Rafe Kaplan, Software Engineer
June 2008

This is one of a series of in-depth articles discussing App Engine's datastore. To see the other articles in the series, see Related links.

Sure, the Getting Started Guide tells you what you need to know in order to fill properties for a simple App Engine model, but it's going to take more than that if you want to be able to represent real world concepts in the datastore. Whether you are new to web application development, or are used to working with SQL databases, this article is for those people who are ready to take a step into the next dimension of App Engine data representation.

Why would I need entity relationships?

Imagine you are building a snazzy new web application that includes an address book where users can store their contacts. For each contact the user stores, you want to capture the contact's name, birthday (which they mustn't forget!), address, telephone number, and company they work for.

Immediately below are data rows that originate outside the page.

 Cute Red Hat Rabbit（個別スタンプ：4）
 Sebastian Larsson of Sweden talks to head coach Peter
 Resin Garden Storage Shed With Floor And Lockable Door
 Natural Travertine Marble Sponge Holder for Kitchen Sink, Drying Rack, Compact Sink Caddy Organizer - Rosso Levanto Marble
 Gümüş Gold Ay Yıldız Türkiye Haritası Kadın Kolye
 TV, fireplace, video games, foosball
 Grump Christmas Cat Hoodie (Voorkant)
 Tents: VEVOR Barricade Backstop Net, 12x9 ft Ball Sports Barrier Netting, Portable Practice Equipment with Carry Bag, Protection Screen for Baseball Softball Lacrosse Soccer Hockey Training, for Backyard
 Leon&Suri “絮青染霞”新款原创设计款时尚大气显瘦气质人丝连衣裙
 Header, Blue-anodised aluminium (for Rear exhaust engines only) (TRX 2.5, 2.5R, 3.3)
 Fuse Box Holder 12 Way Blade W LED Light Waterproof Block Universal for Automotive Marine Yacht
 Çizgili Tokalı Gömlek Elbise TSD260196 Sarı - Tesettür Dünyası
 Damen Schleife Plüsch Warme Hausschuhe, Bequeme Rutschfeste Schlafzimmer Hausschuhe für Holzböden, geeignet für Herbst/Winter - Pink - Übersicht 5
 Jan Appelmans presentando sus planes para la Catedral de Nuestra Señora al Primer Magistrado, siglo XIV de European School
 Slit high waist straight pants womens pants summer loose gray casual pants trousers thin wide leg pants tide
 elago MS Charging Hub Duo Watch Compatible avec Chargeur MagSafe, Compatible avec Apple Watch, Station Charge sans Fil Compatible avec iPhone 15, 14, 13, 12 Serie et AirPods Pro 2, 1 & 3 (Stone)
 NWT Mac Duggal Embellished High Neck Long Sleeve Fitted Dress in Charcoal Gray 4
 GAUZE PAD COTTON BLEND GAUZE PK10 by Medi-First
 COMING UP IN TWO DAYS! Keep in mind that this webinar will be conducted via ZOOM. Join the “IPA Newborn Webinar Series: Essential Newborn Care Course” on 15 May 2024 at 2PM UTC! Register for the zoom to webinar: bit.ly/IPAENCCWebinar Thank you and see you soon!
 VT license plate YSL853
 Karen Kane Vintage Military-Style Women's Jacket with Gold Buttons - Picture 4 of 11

When the user wants to add an address, they enter the information in to a form and the form saves the information in a model that looks something like this:

class Contact(db.Model):

    # Basic info.
    name = db.StringProperty()
    birth_day = db.DateProperty()

    # Address info.
    address = db.PostalAddressProperty()

    # Phone info.
    phone_number = db.PhoneNumberProperty()

    # Company info.
    company_title = db.StringProperty()
    company_name = db.StringProperty()
    company_description = db.StringProperty()
    company_address = db.PostalAddressProperty()

That's great, your users immediately begin to use their address book and soon the datastore starts to fill up. Not long after the deployment of your new application you hear from someone that they are not happy that there is only one phone number. What if they want to store someone's work telephone number in addition to their home number? No problem you think, you can just add a work phone number to your structure. You change your data structure to look more like this:

  # Phone info.
  phone_number = db.PhoneNumberProperty()
  work_phone_number = db.PhoneNumberProperty()

Update the form with the new field and you are back in business. Soon after redeploying your application, you get a number of new complaints. When they see the new phone number field, people start asking for even more fields. Some people want a fax number field, others want a mobile field. Some people even want more than one mobile field (boy modern life sure is hectic)! You could add another field for fax, and another for mobile, maybe two. What about if people have three mobile phones? What if they have ten? What if someone invents a phone for a place you've never thought of?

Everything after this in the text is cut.